Cette année, nous avons introduit des ateliers spécifiques, comme la finance familiale, c’est-à-dire comment un couple doit gérer ses finances. Nous aurons aussi des ateliers spécifiques pour l’initiation des enfants, comment leur apprendre à gérer leur argent, à comprendre la valeur de l’argent, les attitudes à adopter vis-à-vis de l’argent, etc. qu’il faut commencer dès le bas âge. En plus de ces ateliers thématiques pour la famille et les enfants, nous avons la plus grande innovation de cette édition : le meet-up. Nous sommes en négociation avec certains « baobabs » de l’économie burkinabè, qui partageront avec nous leur expérience, eux que nous prenons comme modèle et qui, nous l’espérons, verront en nous des dignes successeurs de l’héritage qu’ils nous aurons laissé. Aujourd’hui, l’une des choses qui nous fait défaut, c’est la patience. Je parle en tant que jeune. Nous manquons énormément de patience, nous voulons tout d’un claquement de doigts et cela nous amène souvent sur des mauvais chemins. Nous devons comprendre que tout s’obtient dans la patience, le travail et le temps.
Il y a des programmes qui seront conçus tout au long de l’année, avec des formations proposées où les gens pourront s’inscrire pour participer. Par contre, ces formations seront payantes, que ce soit pour les seniors, les adolescents ou les enfants, pour leur permettre d’acquérir des bases solides en gestion financière, car c’est la base. Tu ne peux rien faire si tu ne sais pas gérer ton argent. Peu importe ton revenu, si tu ne sais pas gérer, c’est peine perdue.
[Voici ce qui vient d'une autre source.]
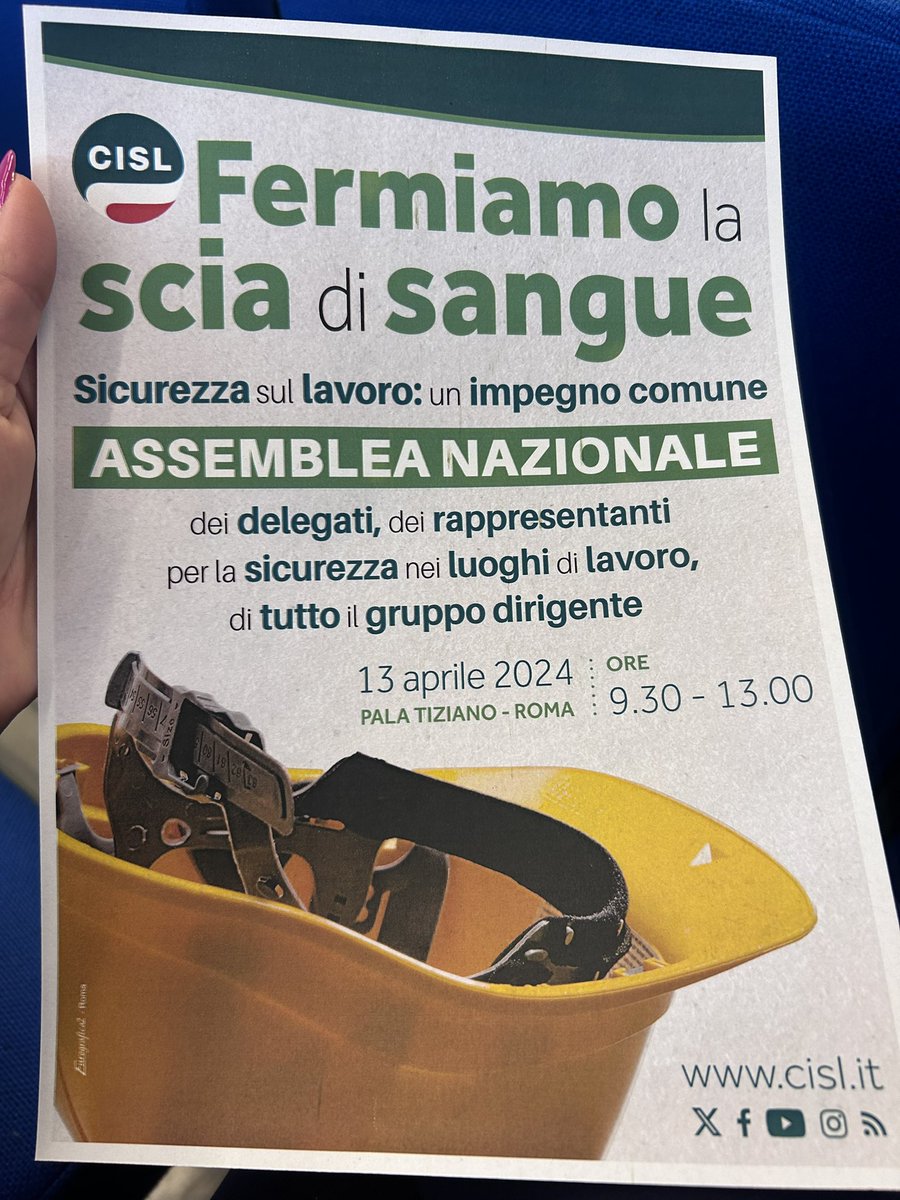 Oggi siamo presenti all’iniziativa organizzata e voluta dalla @Cisl_Lazio e dal Segr. Gen. Enrico Coppotelli 
Fermiamo la scia di sangue
#sicurezzasullavoro un impegno comune.
Prossimo appuntamento 13 Aprile per l’Assemblea Nazionale
#esserefistelcisl #fistelcisllaziopresente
L’année dernière, il y avait ce qu’on appelait les rencontres B2B, où les participants avaient l’opportunité de discuter avec des conseillers, qu’ils soient financiers en bourse, en immobilier, en assurance ou en banque, pendant l’activité. Cet espace sera également disponible cette année.
H.F : Qu’attendez-vous du public burkinabè en particulier ?
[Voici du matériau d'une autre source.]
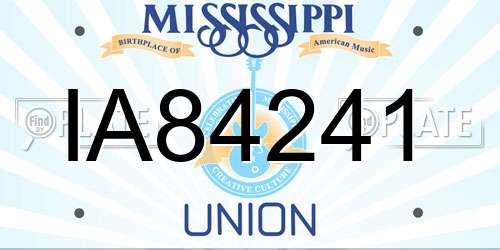 IA84241 Mississippi License Plate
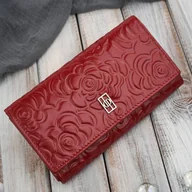 Portfele - Portfel damski skórzany duży czerwony w kwiaty z ochroną RFID Paolo Peruzzi AL-14-RD - miniaturka - grafika 1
C.Y : J’invite massivement la population à ne pas se faire conter cet événement d’utilité publique. Car une population éduquée financièrement est une population prospère. Et si nous avons des populations prospères, cela signifie que nous aurons une nation prospère. La prospérité de la nation que nous souhaitons construire commence par les personnes qui la composent. Notre mission est de permettre aux personnes vivantes sur notre territoire de devenir prospères et d’insuffler cette prospérité à notre pays, afin que, dans les années à venir, le Burkina Faso ne soit plus un pays en voie de développement. Que notre voix compte, parce qu’on sera devenue la Corée du Sud africaine, ayant révolutionné tout en un temps record. C’est cela notre vision et nous invitons les populations à venir participer à cet événement pour apprendre, découvrir toutes les solutions d’épargne et d’investissement, et aussi développer les bases pour une bonne gestion budgétaire afin d’atteindre l’autonomie financière.

H.F : Nous arrivons à la fin de notre entretien, souhaitez-vous ajouter quelque chose ?
Je tiens déjà à remercier Horonya Finance d’avoir pris du temps pour venir s’entretenir avec nous sur l’organisation de la deuxième édition de la Semaine de l’épargne et de l’investissement. C’est un travail de longue haleine que je mène avec une équipe jeune et dynamique. Nous sommes véritablement à pied d’œuvre pour faire de cette édition un événement mémorable. Notre plus grande récompense sera, pendant ces deux jours, d’avoir du monde, que ce soit en présentiel ou en ligne. Que l’on sache qu’au Burkina, les gens ont soif de connaissance et de prospérité. À travers cet événement, mon plus grand rêve est que dans 5, 10, 20 ans, quelqu’un me dise : « Grâce à ce qu’on a appris lors de la SEI, je suis devenu ce que je suis. » Il n’y a pas de plus grande bénédiction ni de plus grande joie pour moi que cette phrase. Nous espérons également qu’avec cette interview que vous allez produire, cela incitera davantage les Burkinabè et la population Ouagalaise, en particulier, à sortir massivement pour participer à cette activité.